BENJAMIN JEALOUS: Yeah, you know, we have called for a national march to end stop-and-frisk in New York City on Father’s Day, gathering at 1:00 at Fifth Avenue and 110th Street, stepping off at 2:00, marching past Mayor Bloomberg’s house. It will be a silent march in the tradition that we started in 1917 on 5th Avenue, when there are really grave injustices.
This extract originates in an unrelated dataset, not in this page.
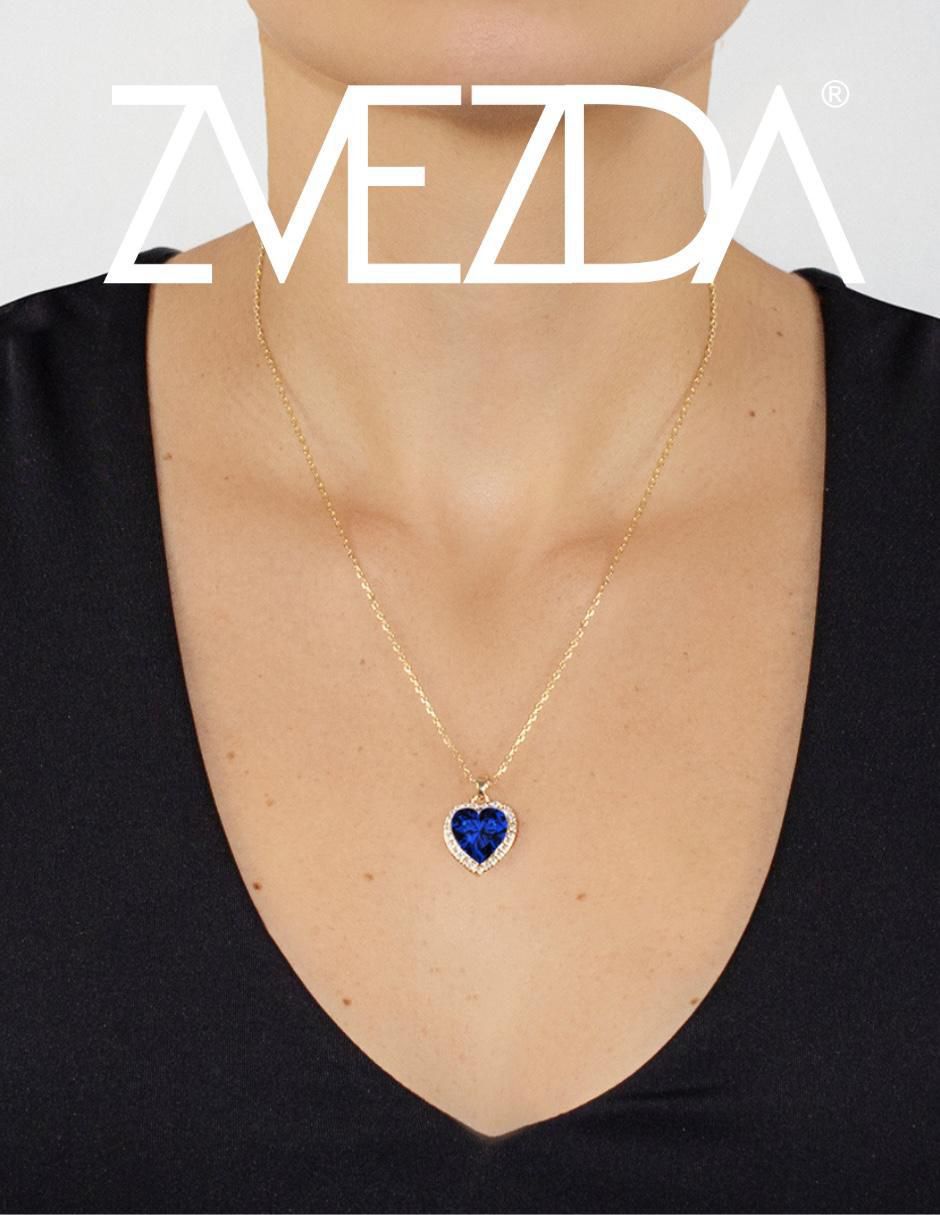 Collar de corazón Corazón 3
This stop-and-frisk program in New York City is the worst racial profiling program in the country, in any city. The reality is that Mayor Bloomberg has come out with this sorry defense. You know, he says, “Look, you know, we have to do this to make our city safer.” And he’s very proud that he’s dropped violent crime 29 percent. And when he says we have to do this, what he’s talking about is, you know, eight years ago they were doing 170,000 stop-and-frisks in New York City. Ninety percent of the people had absolutely done nothing wrong, and 90 percent of the people, you know, give or take two or three points, were people of color. Last year, it was, as you said, almost 700,000, and again about 90 percent innocent, about 90 percent people of color. How many guns they found: 760 guns. And yet, he says that makes it safer. That’s how he’s pushed crime down 29 percent. What he doesn’t say is that in Los Angeles, violent crime is down 59 percent in the same period. In New Orleans, it’s down 56 percent in the same period. In Dallas, it’s down 49 percent in the same period. In Baltimore, it’s down 37 percent in the same period. But all these cities have dropped violent crime further without using this outrageous program.
And it’s really sad, because Mayor Bloomberg says that he’s investing tens of millions of his own dollars in improving the lives of young black men, but, I’m sorry, there’s absolutely nothing that you can do to make their lives proportionately better, you know, from the harm you’ve done, when you’ve treated them like criminals their entire life, when you have more stop-and-frisks of young black men in New York City than there are young black men in New York City. It’s absolutely terrifying to see a big city mayor, let alone the mayor of the biggest city in our country, the richest person in that city, a media titan, say that we have to engage in racist behavior to make our cities safer. It is a lie. He has done half as good as the mayor of Los Angeles, and that mayor, unlike him, doesn’t use racist tactics.